Activity:
Filter out every line below that lacks "Neck", and copy the rest.

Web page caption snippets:
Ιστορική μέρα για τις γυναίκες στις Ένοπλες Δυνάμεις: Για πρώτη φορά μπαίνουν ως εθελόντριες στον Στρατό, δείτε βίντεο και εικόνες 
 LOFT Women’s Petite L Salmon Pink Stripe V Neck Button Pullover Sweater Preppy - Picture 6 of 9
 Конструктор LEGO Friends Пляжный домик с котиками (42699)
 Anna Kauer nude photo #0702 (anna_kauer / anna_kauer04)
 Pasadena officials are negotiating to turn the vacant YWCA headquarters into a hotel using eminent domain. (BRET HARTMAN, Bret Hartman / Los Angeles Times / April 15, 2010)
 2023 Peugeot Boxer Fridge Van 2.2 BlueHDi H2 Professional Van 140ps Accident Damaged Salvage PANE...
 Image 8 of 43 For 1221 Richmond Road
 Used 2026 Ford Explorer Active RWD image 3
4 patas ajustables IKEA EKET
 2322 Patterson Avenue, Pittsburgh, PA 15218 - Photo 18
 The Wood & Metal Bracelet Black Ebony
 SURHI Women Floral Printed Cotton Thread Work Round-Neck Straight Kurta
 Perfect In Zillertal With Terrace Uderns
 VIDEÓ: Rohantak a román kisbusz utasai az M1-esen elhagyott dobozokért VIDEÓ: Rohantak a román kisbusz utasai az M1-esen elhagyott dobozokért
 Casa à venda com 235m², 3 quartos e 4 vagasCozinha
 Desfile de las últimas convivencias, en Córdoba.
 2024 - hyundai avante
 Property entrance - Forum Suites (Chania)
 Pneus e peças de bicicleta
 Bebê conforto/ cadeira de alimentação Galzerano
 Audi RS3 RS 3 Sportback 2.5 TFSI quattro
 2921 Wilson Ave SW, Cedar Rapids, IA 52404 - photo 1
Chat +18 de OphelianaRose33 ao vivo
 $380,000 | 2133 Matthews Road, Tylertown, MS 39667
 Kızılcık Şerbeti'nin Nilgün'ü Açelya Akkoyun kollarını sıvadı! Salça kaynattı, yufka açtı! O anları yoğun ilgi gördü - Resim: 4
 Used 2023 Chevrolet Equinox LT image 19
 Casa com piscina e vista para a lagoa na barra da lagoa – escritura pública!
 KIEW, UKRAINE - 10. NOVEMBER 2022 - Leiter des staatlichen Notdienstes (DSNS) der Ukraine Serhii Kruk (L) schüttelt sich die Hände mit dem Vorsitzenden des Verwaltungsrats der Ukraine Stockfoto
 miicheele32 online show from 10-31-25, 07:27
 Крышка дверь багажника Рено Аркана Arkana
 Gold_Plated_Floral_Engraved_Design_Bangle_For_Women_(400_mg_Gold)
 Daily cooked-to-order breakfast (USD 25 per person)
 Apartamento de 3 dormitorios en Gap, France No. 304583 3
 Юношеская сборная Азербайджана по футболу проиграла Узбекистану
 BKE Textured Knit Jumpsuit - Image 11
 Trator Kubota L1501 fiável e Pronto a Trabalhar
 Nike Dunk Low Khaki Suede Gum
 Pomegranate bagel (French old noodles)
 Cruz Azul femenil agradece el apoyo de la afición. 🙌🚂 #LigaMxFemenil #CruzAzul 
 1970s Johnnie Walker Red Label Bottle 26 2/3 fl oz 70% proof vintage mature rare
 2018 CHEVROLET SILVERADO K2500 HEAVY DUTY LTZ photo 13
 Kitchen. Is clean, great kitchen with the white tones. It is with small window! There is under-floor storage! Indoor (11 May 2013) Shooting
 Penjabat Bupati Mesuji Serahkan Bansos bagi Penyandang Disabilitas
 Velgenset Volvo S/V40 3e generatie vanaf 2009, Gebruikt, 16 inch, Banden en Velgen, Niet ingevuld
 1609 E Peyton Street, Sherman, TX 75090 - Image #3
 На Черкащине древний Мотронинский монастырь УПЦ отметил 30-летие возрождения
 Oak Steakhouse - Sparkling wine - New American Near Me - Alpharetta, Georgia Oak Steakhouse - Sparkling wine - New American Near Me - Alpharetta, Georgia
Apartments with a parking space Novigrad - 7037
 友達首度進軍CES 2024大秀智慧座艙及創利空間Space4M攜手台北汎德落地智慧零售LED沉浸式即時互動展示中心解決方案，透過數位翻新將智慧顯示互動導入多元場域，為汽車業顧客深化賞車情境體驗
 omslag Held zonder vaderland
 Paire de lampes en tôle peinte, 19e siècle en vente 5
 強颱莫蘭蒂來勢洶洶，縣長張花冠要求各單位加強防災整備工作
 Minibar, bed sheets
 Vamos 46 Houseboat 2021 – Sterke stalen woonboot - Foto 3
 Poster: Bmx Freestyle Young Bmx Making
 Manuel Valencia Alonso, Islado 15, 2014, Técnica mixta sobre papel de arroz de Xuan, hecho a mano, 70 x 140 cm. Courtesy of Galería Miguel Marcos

Result for this task:
 LOFT Women’s Petite L Salmon Pink Stripe V Neck Button Pullover Sweater Preppy - Picture 6 of 9
 SURHI Women Floral Printed Cotton Thread Work Round-Neck Straight Kurta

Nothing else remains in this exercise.